Trotz dieser herausfordernden Voraussetzungen sind in den vergangenen Jahren mehrere Dialog- und Kooperationsformate entstanden. Beispielsweise der seit 2014 existierende Jüdisch-Muslimische Gesprächskreis der Blumenthal Akademie des Jüdischen Museums Berlin, in dem sich Juden und Muslime aus Wissenschaft, Kultur und Politik für eine stärkere Vernetzung regelmäßig treffen. Anfang 2019 gründeten zwei Begabtenförderwerke – das jüdische Ernst Ludwig Ehrlich Studienwerk (ELES) und das muslimische Avicenna-Studienwerk – den jüdisch-muslimischen Thinkthank Karov-Qareeb, in dem junge Juden und Muslime zusammenarbeiten, ihre Lebensrealitäten erkunden und gemeinsames Empowerment ermöglichen. Diese beiden Beispiele für institutionalisierte Formate sind aufgrund ihrer regelmäßigen Zusammenkünfte nachhaltig. Ein weiteres Format ist das im Jahr 2019 von der Bundesregierung initiierte Projekt Schalom-Aleikum. Der erklärte eigene Anspruch, jüdisch-muslimischen Dialog auf Augenhöhe zu schaffen, steht hier leider im Widerspruch zur Struktur des Projektes: denn die Planung und Durchführung liegt alleine auf der Seite des Zentralrats der Juden, ohne Beteiligung eines muslimischen Partners. Verständlicherweise entstehen so auf der "anderen" Seite Skepsis und Irritationen.

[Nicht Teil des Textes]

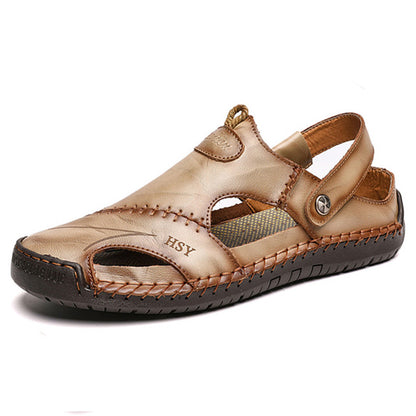 Summer Sandals Men Leather Classic Roman Sandals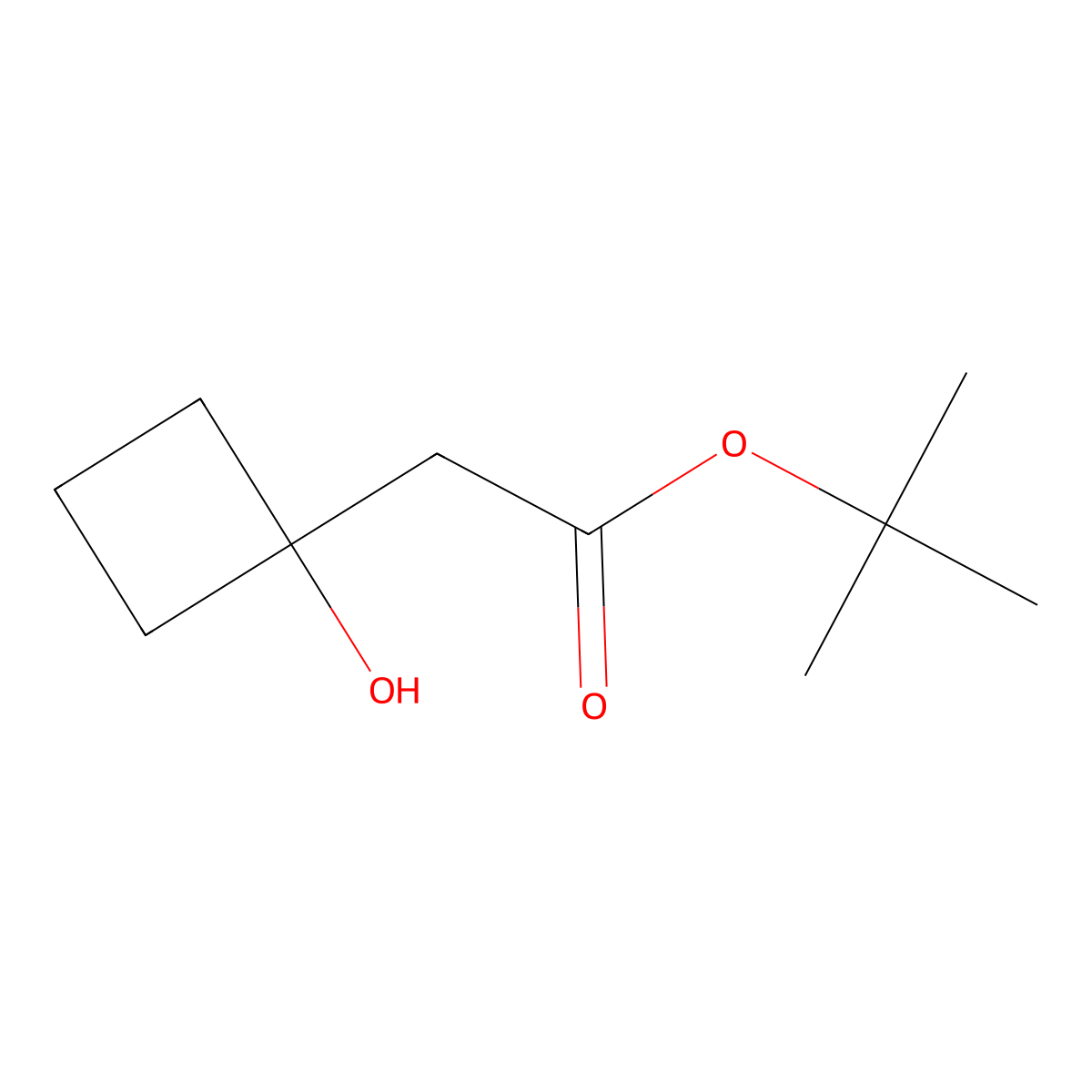 Tert-butyl 2-(1-hydroxycyclobutyl)acetate molecular structure, CAS 1272319-96-6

Neben Bildungsformaten werden Aktionen inszeniert, die insbesondere mediale Aufmerksamkeit erregen sollen. Dazu zählen die Fahrradtandem-Tour 2018 durch Berlin mit Rabbinern und Imamen, das Fußballspiel in Düsseldorf 2018 mit muslimischen und jüdischen Geistlichen und das Kochduell 2021 in Wien mit einem Imam, Rabbi und Pfarrer. Diese Aktionen sind eher Medien-Events, aus pädagogischer Perspektive haben sie weniger Bedeutung. Ein tatsächliches Kennenlernen, um eine vertrauensvolle Beziehung aufbauen zu können, findet nicht statt. So kann der Wunsch nach Allianzen mit einmaligen und kulturalisierenden Aktionen auch mal am Ziel vorbeigehen. Anstatt über Reibungspunkte zu sprechen, verweilt man gerne in der Komfortzone. Fraglich bleibt, welchen Einfluss solche Aktionen auf das tägliche Miteinander von Juden und Muslimen haben sollen. Wenn die Auseinandersetzung mit den wirklich unbequemen Fragen dabei vermieden wird, bleibt der Dialog auf einer oberflächlichen Ebene.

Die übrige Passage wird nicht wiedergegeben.